Restoring the Pagsangaan Watershed for Forest Biodiversity Conservation
The Pagsangaan watershed in Ormoc, Leyte covers about 40,000 hectares and is one of the most important watersheds in Leyte island. Serving the function of a primary resource for natural and man-made community systems, the watershed provides the irrigation needs of the north-western part of the island.
Project Proponent/Partner: Save Ormoc Bay Aggrupation, Inc. (SOBA)
The Pagsangaan watershed in Ormoc, Leyte covers about 40,000 hectares and is one of the most important watersheds in Leyte island. Serving the function of a primary resource for natural and man-made community systems, the watershed provides the irrigation needs of the north-western part of the island that covers Ormoc City, Kananga, Matag-ob, Palompon, Capoocan, and Leyte province, among others.
It should however be noted that it is already in a state of degradation, having lost significant natural forests and biodiversity to the requirements of power generation, industrialization, and the greater need for food by the exploding population. Unless otherwise provided with appropriate attention and intervention, the watershed will soon be unable to support the water supply requirements of the increasing populations of the surrounding locations.
Watershed rehabilitation in practice remains a challenge especially since key stakeholders seem to be little informed on the state of the watershed and its impact on human survival. This research project was therefore implemented to generate genuine people’s participation and popularize local mechanisms for sustainable forest and biodiversity management and conservation, which could lead towards the official recognition and proclamation of the Pagsangaan watershed as one of the country’s critical watersheds.
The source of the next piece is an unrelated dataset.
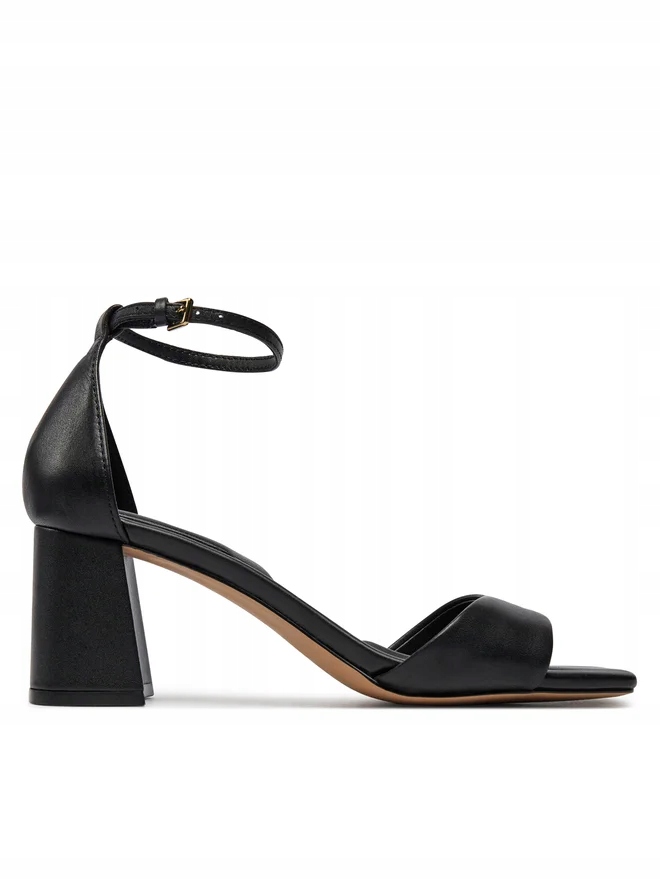 Aldo Sandály Maize 13774216 Černá 41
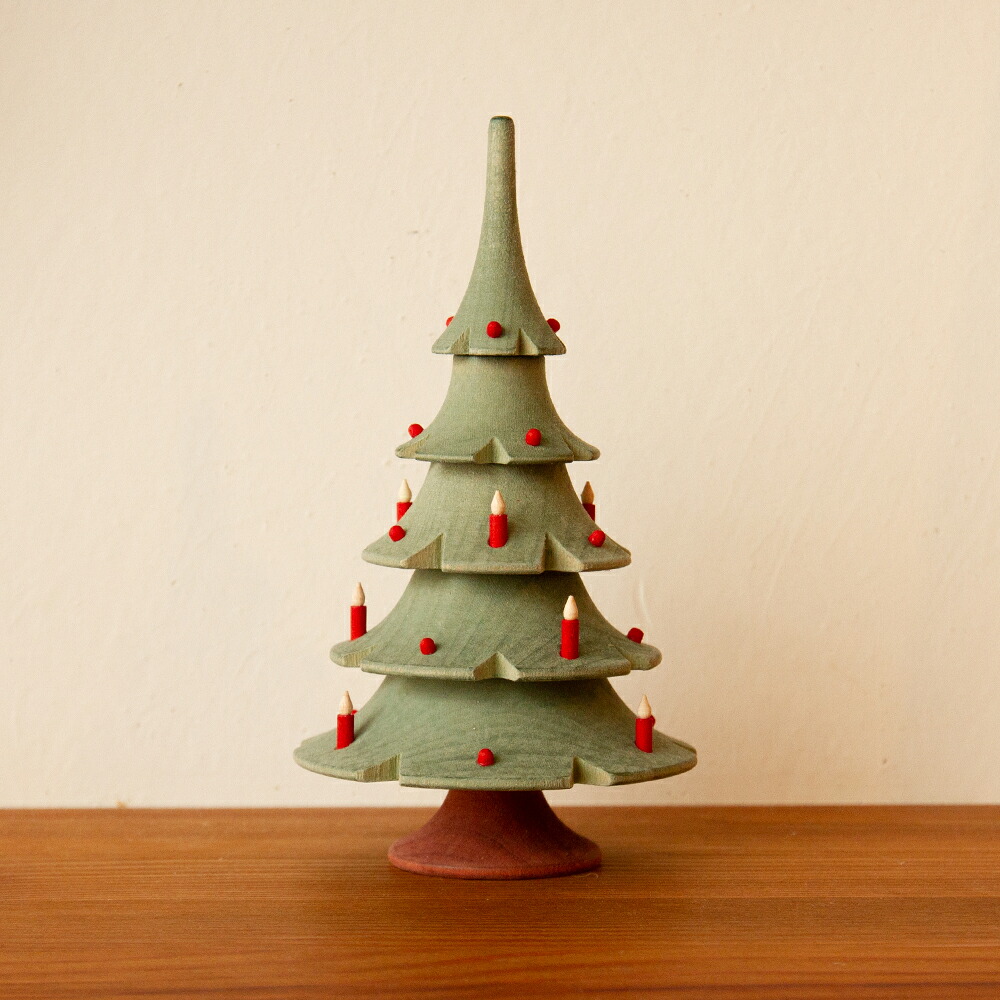 楽天市場】クリスマスツリー(M0911-B20B)【ポーリッシュポタリー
The project strategies are a mix of participatory research, advocacy, capacity-building, networking, provision of livelihood opportunities, and monitoring and evaluation. The baseline research identified the socio-economic and biophysical profiles of the watershed and its forest biodiversity. Participatory approaches were employed and involved a local Watershed Research and Development Team (WaRDT) in every covered LGU. The WaRDT could become a formal LGU-based team that would sustain project initiatives. In addition, a Watershed Advocacy, Livelihood and Training Team (WALT) per LGU was formed under the project, given the intent to support the development of forest and biodiversity conservation plans. Feasible forest-based livelihood options such as rainforestationwere also adopted and piloted under the initiative, while local mechanisms such as forest co-management arrangements between the LGU and the DENR were facilitated, along with support from major partners to sustain forest restoration and biodiversity conservation efforts in the watershed.